Once you have read the records, output them exactly.

◆ **Caption-style text data**:

=-=-=

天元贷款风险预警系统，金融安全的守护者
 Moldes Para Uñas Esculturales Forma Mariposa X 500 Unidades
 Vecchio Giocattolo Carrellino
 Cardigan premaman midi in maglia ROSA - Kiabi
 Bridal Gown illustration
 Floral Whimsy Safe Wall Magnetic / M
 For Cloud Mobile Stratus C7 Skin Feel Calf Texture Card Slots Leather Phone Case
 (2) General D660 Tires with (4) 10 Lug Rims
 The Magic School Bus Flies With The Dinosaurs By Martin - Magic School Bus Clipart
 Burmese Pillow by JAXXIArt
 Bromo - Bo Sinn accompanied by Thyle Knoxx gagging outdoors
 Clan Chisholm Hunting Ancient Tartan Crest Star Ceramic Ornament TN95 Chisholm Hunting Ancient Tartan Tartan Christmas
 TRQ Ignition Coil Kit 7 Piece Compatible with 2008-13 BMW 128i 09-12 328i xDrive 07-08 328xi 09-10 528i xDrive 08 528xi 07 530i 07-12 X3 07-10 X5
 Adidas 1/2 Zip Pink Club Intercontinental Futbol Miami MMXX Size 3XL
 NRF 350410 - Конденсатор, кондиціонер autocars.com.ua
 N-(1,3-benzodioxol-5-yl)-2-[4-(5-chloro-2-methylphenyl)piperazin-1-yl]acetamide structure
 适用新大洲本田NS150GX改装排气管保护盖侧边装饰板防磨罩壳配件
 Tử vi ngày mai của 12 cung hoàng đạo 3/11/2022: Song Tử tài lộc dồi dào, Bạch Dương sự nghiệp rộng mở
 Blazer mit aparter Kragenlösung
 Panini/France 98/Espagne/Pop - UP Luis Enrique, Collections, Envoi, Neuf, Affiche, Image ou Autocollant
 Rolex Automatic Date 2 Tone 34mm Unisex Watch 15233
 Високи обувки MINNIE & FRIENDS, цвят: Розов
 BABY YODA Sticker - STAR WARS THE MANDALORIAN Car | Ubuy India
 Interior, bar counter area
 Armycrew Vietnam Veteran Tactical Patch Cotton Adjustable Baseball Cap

=-=-=

◆ **TASK OUTPUT**:
天元贷款风险预警系统，金融安全的守护者
 Moldes Para Uñas Esculturales Forma Mariposa X 500 Unidades
 Vecchio Giocattolo Carrellino
 Cardigan premaman midi in maglia ROSA - Kiabi
 Bridal Gown illustration
 Floral Whimsy Safe Wall Magnetic / M
 For Cloud Mobile Stratus C7 Skin Feel Calf Texture Card Slots Leather Phone Case
 (2) General D660 Tires with (4) 10 Lug Rims
 The Magic School Bus Flies With The Dinosaurs By Martin - Magic School Bus Clipart
 Burmese Pillow by JAXXIArt
 Bromo - Bo Sinn accompanied by Thyle Knoxx gagging outdoors
 Clan Chisholm Hunting Ancient Tartan Crest Star Ceramic Ornament TN95 Chisholm Hunting Ancient Tartan Tartan Christmas
 TRQ Ignition Coil Kit 7 Piece Compatible with 2008-13 BMW 128i 09-12 328i xDrive 07-08 328xi 09-10 528i xDrive 08 528xi 07 530i 07-12 X3 07-10 X5
 Adidas 1/2 Zip Pink Club Intercontinental Futbol Miami MMXX Size 3XL
 NRF 350410 - Конденсатор, кондиціонер autocars.com.ua
 N-(1,3-benzodioxol-5-yl)-2-[4-(5-chloro-2-methylphenyl)piperazin-1-yl]acetamide structure
 适用新大洲本田NS150GX改装排气管保护盖侧边装饰板防磨罩壳配件
 Tử vi ngày mai của 12 cung hoàng đạo 3/11/2022: Song Tử tài lộc dồi dào, Bạch Dương sự nghiệp rộng mở
 Blazer mit aparter Kragenlösung
 Panini/France 98/Espagne/Pop - UP Luis Enrique, Collections, Envoi, Neuf, Affiche, Image ou Autocollant
 Rolex Automatic Date 2 Tone 34mm Unisex Watch 15233
 Високи обувки MINNIE & FRIENDS, цвят: Розов
 BABY YODA Sticker - STAR WARS THE MANDALORIAN Car | Ubuy India
 Interior, bar counter area
 Armycrew Vietnam Veteran Tactical Patch Cotton Adjustable Baseball Cap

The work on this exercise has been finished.